Web page caption snippets:
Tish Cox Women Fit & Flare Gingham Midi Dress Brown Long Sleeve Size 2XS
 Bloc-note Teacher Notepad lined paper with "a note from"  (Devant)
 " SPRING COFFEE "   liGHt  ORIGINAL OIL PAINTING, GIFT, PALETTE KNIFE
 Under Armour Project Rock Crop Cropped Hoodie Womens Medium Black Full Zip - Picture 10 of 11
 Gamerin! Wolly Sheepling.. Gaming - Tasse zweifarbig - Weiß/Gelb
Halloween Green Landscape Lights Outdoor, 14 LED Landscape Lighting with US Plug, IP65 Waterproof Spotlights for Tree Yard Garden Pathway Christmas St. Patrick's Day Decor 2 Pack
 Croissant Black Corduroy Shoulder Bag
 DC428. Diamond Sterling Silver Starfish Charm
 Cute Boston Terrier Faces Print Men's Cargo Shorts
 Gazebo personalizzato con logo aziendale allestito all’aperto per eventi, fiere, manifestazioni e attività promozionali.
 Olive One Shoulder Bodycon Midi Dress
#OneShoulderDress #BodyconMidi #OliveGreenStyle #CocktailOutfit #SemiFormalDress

Exercise instructions | Lines from the one holding "Gazebo personalizzato con" to the last line of the records: return these exactly, and only these.

Completed exercise |
 Gazebo personalizzato con logo aziendale allestito all’aperto per eventi, fiere, manifestazioni e attività promozionali.
 Olive One Shoulder Bodycon Midi Dress
#OneShoulderDress #BodyconMidi #OliveGreenStyle #CocktailOutfit #SemiFormalDress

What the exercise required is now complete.